On May 25, 2016, around 8am PST, tired and bored, I bought a Super Nintendo console from eBay, with the explicit intent of coming up with some kind of art project for it. When it arrived, I opened the case up, got an idea for something to build, then made absolutely no progress.

In April 2017 I moved across the country with the SNES in tow. Around mid-July, I started tinkering with the SNES again, but I didn’t seriously get back into the project until October. At the beginning of this year, I decided that I would either finish the damn project by May or throw the whole console away.

This is the story of completing the project.

The Idea

The exhibition of console-hacking-disguised-as-art-pieces isn’t new. Probably the most well-known artist in the medium is Cory Arcangel, who exhibited Super Mario Clouds at the Whitney in 2002. More recently, I’ve found Nathan Villicaña-Shaw to be designing really wild stuff, like his Symbiotic SNES project, where you can play four different copies of an SNES game simultaneously with a single controller.

In late 2015, Shared Studios’ Portal Project arrived in San Francisco. It’s a neat idea: you step inside a shipping container, into complete darkness and silence. The only other artifact that’s present is a giant projector screen across from you. Soon, you’re connected with another person who also stepped into a shipping container in some other part of the world. You get fifteen minutes to introduce yourselves and talk about your cities, your interests, your lives. And then you’re kicked out.

I have two older sisters, and, growing up, we used to play on my cousin’s NES at my nene’s house (which I believe we may have even inherited eventually–the NES, not the house). But by the time the SNES came around, my sisters had grown out of video games. In order to play anything multiplayer, I had to be taken to a friend’s house, which, while not unpleasant, was only possible if my mother’s permission and schedule allowed it. Between the four of us, she was the only one who knew how to drive.

My SNES idea was simple: I wanted two Super Nintendos, one acting as Player One and another acting as Player Two to communicate wirelessly with each other. Ideally, one would be set up where I lived and one would be set up in Mexico City or London or Los Angeles, somewhere far enough away to make the experience amazing. My main constraint was that the project had to run on original hardware. No emulators, no tricks. Whatever I built would need to pick up controller inputs and send them somewhere else.

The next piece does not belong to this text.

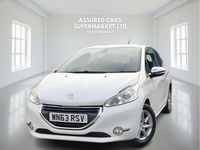 Used Peugeot 208 Allure 70 HP (51 kW) 2013 White Hatchback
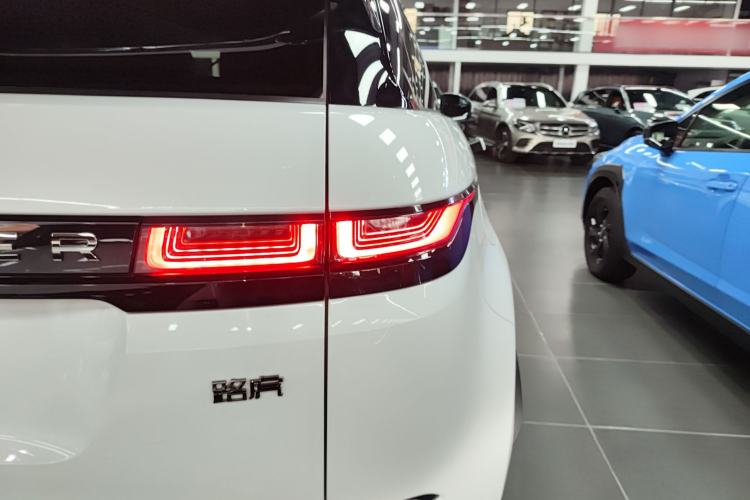 Used Land Rover Range Evoque 2022 Aurora L 249 PS R-Dynamic Luxury Edition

After many months of failed attempts, I finally got the damn thing working, though I did have to scale back the idea to use radio signals instead of wifi, which means that the two consoles are communicating through each other at a maximum distance of about 150 feet. There were two reasons to drop down to radio signals. First, I couldn’t find a wifi enabled device that was small enough or reliable enough to fit inside an SNES console. More importantly, I had no idea what I was doing, and keeping it simpler seemed smarter. To establish a wifi connection, there are a lot of other factors to keep in mind, like setting up a server to handle the communication and ensuring that lag between the devices isn’t problematic. With radio signals, the only major problem would be physical interference, which can be worked around by just putting the two consoles in an open area.

The Setup

The schematics and protocols for how an SNES works have been known for decades. Here’s a write-up from 1996 about the way the SNES processes button pushes from a controller. Although there are seven pins available on an SNES connection, only five pins are used: 5V power, clock, latch, data, and ground. The other two wires do nothing, and probably existed for potential new devices to expand on later on. As well, all of these wires, except data, flow INTO the controller, whereas the data signal is sent back OUT to the SNES console.

Suppose you want to order tacos from your favorite restaurant. They’ve got 12 different kinds of fillings: chorizo, carne asada, pollo, huitlacoche, carnitas, and so on. But you don’t know which fillings are available until you call to place your order. When you call the restaurant, they stop everything that they were doing, and just go down the list of fillings in order to tell you what’s available:

—Hello.
—Hello. We have chorizo, pollo, huitlacoche. That’s it.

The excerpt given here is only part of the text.